▸ **PROBLEM REQUIREMENTS**: Print, exactly as they stand, the lines below from the one that has "STRONG SRT 5010 - Timer - 1" to the one that has "Market Research Hub", inclusive, leaving out the pictures.

▸ **MATERIALS PROVIDED**:
- - - -
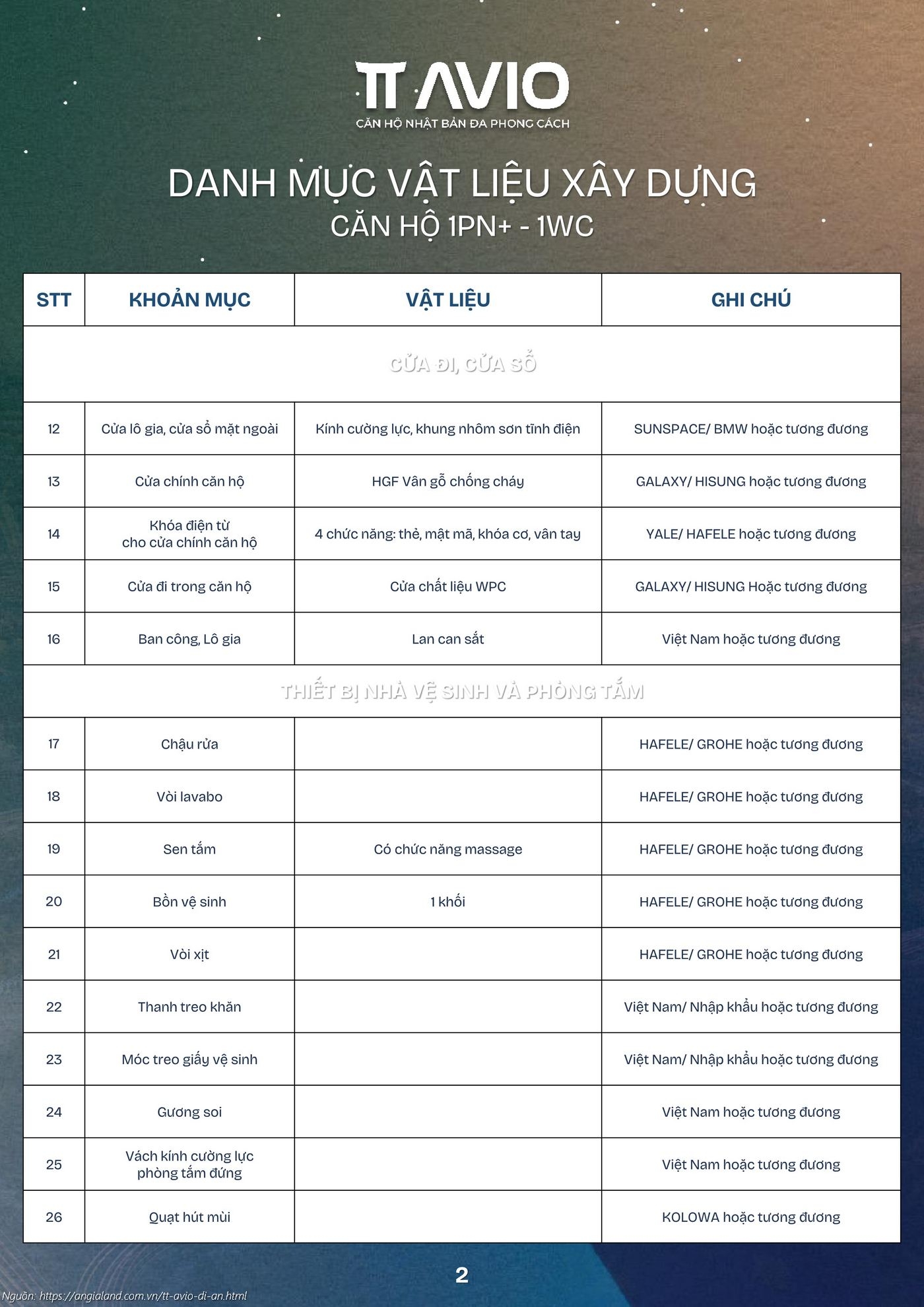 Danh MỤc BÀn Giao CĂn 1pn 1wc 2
- - - -
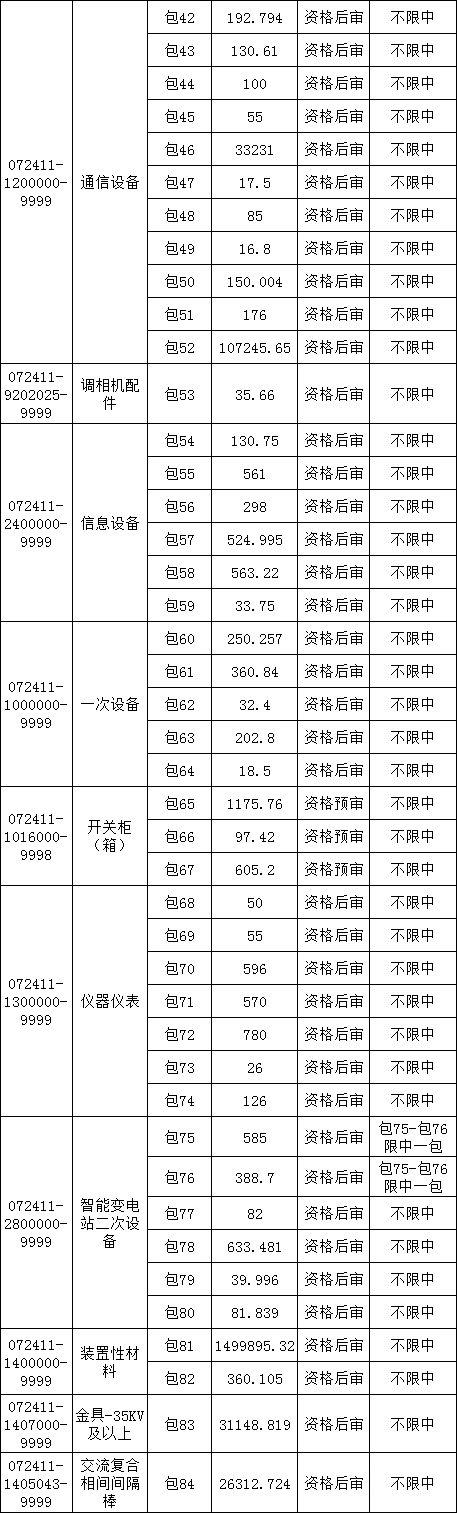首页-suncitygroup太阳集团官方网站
- - - -
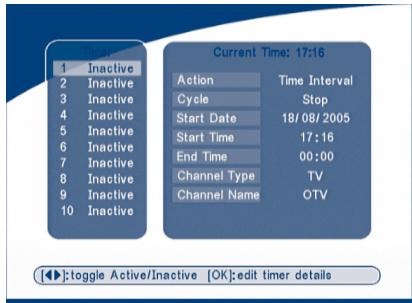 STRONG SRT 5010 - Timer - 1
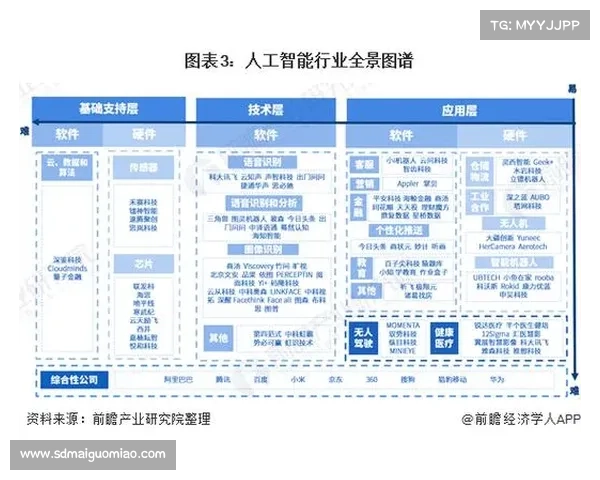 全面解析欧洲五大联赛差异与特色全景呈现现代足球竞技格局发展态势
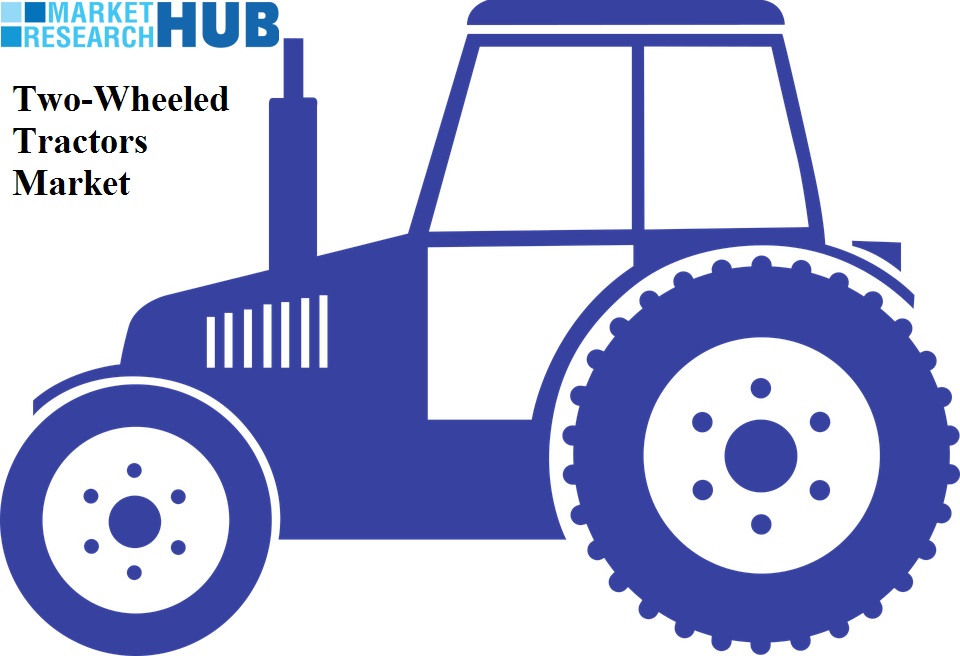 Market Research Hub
- - - -
▸ **TASK SOLUTION**:
 STRONG SRT 5010 - Timer - 1
 全面解析欧洲五大联赛差异与特色全景呈现现代足球竞技格局发展态势
 Market Research Hub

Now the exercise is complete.